Sunday, October 15, 2023

Hi, Art!

Sunday, October 15, 2023

Hi, art lovers!

 
Mr. Dressup (Ernie Coombs) with puppets Casey and Finnegan in a still from the CBC series Mr. Dressup.

CBC Still Photo Collection

 
One of our top articles last week was a nostalgia-stuffed story about a show that was way ahead of its time. I’m talking about Mr. Dressup, a legend of CBC programming and the subject of the new (award-winning) film, Mr. Dressup: The Magic of Make-Believe. The feature doc debuted Tuesday on Amazon Prime, and like most people over 25, it’s definitely on my weekend watch list. 

As director Robert McCallum says in this interview, “[Mr. Dressup] is a language that unites our country coast to coast to coast.” (He’s also likened it to “the Seinfeld of kids’ shows” — insomuch as it’s a show about nothing.) And if you were among the countless Canadians who voted it the most beloved homegrown television series to ever hit the airwaves, I imagine you’ll want to crack open a Tickle Trunk of memories before pressing play on the new film. To that end, here’s CBC News Entertainment’s preview. (They even catch up with Jani Lauzon, the puppeteer who played Grannie.) And from The Current, here’s an interview that first aired during TIFF; in it, McCallum discusses the close friendship between Mr. Dressup and Mr. Rogers, the “Lennon and McCartney of kids’ TV.”

Other nostalgic things I bookmarked last week: This is what happens when more than 100 artists collaborate on an animated episode of Frasier. (Frasier, BTW, is voiced by Eric Bauza of CBC’s Stay Tooned.) MuchMusic’s archive is going digital. I had no idea this “strange Minnesota farm kid” invented fantasy fiction as we know it. Do you miss the days of small concert venues? Commotion discussed why they’re disappearing. The show also got thinky about The Exorcist, which has been rebooted so many times I’m not sure if it counts as nostalgic IP. (Seinfeld, however …) And if this collection of links has convinced you that cultural innovation is a thing of the past, I’ll leave you with one last long read. 
 

And because we promised you eye candy ...

 
Daytime photo.

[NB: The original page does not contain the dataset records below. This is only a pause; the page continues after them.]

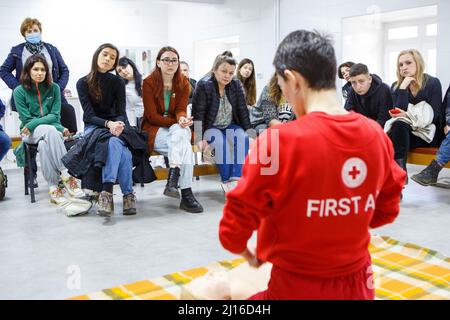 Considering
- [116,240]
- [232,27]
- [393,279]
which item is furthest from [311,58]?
[232,27]

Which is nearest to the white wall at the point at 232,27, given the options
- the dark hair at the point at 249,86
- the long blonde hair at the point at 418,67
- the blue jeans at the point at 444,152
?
the dark hair at the point at 249,86

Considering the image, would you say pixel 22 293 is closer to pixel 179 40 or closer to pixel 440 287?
pixel 440 287

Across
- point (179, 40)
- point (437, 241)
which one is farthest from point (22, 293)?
point (179, 40)

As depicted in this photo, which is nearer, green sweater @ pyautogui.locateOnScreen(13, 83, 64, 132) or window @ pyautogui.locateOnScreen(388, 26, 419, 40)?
green sweater @ pyautogui.locateOnScreen(13, 83, 64, 132)

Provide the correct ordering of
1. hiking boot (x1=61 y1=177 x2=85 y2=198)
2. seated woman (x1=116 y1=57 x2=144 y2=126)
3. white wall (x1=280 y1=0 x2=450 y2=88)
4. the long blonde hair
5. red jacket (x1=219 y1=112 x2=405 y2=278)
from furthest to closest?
1. white wall (x1=280 y1=0 x2=450 y2=88)
2. seated woman (x1=116 y1=57 x2=144 y2=126)
3. the long blonde hair
4. hiking boot (x1=61 y1=177 x2=85 y2=198)
5. red jacket (x1=219 y1=112 x2=405 y2=278)

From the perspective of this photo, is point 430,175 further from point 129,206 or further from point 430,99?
point 129,206

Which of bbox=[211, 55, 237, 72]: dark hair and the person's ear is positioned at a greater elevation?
Answer: bbox=[211, 55, 237, 72]: dark hair

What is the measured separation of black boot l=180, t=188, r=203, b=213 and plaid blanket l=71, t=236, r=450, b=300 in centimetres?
129

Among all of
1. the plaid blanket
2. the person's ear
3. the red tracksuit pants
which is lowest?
the plaid blanket

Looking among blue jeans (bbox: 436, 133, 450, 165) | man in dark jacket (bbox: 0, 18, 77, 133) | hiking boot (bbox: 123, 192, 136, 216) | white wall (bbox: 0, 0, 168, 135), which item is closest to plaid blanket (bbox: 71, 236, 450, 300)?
hiking boot (bbox: 123, 192, 136, 216)

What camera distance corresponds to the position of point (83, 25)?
957 centimetres

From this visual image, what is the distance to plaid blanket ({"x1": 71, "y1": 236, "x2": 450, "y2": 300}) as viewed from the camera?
2.25 m

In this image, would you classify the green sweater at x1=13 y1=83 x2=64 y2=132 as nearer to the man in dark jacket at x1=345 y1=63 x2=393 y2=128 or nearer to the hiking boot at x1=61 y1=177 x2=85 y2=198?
the hiking boot at x1=61 y1=177 x2=85 y2=198

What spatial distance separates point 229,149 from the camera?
4273 mm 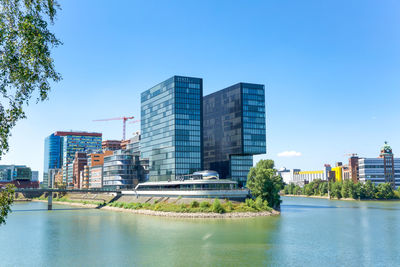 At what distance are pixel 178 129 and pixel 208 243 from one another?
333 feet

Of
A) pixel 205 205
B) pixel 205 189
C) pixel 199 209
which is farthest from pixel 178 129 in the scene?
pixel 199 209

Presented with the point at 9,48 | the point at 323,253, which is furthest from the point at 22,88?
the point at 323,253

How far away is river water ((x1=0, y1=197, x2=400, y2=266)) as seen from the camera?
2194 inches

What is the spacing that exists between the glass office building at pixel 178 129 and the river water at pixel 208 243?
67.3m

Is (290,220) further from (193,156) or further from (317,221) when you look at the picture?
(193,156)

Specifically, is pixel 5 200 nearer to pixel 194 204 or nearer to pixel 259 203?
pixel 194 204

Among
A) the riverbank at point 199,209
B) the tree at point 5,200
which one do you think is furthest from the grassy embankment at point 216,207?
the tree at point 5,200

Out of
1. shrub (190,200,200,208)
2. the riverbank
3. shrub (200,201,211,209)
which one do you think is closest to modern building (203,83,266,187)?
the riverbank

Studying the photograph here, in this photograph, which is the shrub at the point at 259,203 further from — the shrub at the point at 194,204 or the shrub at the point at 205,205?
the shrub at the point at 194,204

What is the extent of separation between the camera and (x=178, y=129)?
166875 millimetres

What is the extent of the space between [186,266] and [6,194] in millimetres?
31924

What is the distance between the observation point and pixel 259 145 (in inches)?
7136

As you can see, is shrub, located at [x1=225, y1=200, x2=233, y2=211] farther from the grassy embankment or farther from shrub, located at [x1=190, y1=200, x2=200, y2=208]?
shrub, located at [x1=190, y1=200, x2=200, y2=208]

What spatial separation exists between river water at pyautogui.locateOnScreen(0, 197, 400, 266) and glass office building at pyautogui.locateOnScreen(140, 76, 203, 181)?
67322 millimetres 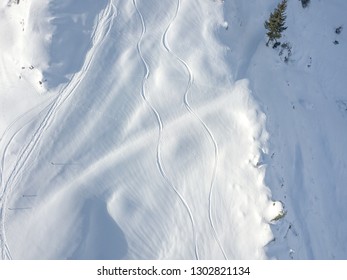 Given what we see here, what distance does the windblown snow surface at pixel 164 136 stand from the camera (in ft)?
63.7

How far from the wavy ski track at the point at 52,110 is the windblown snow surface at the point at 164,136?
7 centimetres

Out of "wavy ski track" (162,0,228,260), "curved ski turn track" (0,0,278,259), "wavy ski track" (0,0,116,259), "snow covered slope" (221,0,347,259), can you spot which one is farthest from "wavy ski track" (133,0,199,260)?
"snow covered slope" (221,0,347,259)

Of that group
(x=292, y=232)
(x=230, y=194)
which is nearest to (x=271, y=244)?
(x=292, y=232)

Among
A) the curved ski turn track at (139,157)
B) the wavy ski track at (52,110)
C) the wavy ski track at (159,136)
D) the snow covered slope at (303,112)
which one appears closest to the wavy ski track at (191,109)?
the curved ski turn track at (139,157)

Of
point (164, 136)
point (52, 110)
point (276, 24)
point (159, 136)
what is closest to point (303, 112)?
point (276, 24)

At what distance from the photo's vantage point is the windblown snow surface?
19422mm

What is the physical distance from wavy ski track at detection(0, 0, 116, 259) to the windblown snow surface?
0.07 m

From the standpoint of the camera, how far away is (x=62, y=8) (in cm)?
2239

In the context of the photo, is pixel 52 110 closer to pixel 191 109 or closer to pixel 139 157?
pixel 139 157

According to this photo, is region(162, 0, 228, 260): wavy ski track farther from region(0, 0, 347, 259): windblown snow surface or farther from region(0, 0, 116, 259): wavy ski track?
region(0, 0, 116, 259): wavy ski track

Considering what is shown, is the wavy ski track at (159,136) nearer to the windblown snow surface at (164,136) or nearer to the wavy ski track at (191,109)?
the windblown snow surface at (164,136)

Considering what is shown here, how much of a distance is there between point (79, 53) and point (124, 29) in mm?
3166

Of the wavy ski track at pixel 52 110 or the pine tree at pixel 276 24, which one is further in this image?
the pine tree at pixel 276 24

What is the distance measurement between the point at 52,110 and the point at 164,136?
6.53 m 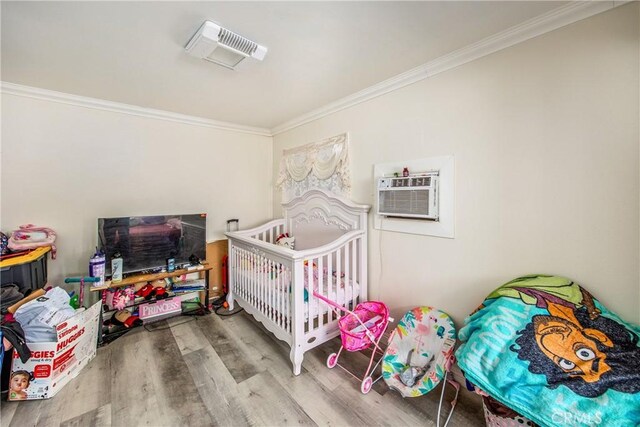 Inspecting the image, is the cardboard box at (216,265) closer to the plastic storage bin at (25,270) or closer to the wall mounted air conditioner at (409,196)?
the plastic storage bin at (25,270)

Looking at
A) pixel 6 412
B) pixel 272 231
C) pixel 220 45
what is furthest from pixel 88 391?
pixel 220 45

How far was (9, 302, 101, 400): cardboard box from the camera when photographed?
160 centimetres

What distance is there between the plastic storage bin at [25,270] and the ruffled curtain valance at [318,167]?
238cm

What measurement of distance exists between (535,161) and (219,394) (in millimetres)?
2462

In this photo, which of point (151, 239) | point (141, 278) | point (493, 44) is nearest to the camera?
point (493, 44)

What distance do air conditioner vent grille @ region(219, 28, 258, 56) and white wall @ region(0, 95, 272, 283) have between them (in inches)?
69.5

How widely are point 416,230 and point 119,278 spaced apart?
2.75 metres

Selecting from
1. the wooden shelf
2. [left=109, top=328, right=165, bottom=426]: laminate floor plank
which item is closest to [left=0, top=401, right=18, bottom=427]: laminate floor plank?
[left=109, top=328, right=165, bottom=426]: laminate floor plank

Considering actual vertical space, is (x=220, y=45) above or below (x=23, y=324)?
above

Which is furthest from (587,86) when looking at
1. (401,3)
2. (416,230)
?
(416,230)

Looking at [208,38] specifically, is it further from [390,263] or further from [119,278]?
[119,278]

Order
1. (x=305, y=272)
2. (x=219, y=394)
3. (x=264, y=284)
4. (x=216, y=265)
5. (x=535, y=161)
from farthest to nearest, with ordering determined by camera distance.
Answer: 1. (x=216, y=265)
2. (x=264, y=284)
3. (x=305, y=272)
4. (x=219, y=394)
5. (x=535, y=161)

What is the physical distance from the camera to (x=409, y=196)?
1919mm

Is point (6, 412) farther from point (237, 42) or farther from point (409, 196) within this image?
point (409, 196) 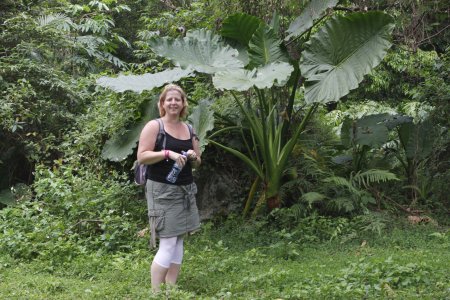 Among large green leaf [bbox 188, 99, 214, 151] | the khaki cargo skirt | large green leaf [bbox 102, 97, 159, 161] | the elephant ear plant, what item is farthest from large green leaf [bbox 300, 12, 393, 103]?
the khaki cargo skirt

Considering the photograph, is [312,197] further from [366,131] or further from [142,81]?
[142,81]

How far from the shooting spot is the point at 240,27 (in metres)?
6.32

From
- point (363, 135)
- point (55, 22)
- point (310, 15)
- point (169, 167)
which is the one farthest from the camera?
point (55, 22)

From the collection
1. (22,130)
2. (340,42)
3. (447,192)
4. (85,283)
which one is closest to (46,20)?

An obelisk covered with red patterned rugs stands in a concrete park.

Roda Medhat

Is anyone reading this in Halifax? (Hello!) Who saw Roda Medhat’s Killim at Nocturne last night? It was on our list of must-see projects at the festival, and the same inflatable sculpture was at Nuit Blanche Toronto earlier this year. The year before that, Roda had this piece at NB: Farsh, a 16-foot obelisk wrapped in traditional Kurdish carpets. On his website, he describes it as a sort of beacon, intended to draw different communities together.
 
Male figure wearing a blue tunic with applique orange and white smokestacks that stretch from the shoulders to the knees. He wears sunglasses and stands on a green hill, his hands held aloft. Three orange and white smokestacks are visible on the horizon.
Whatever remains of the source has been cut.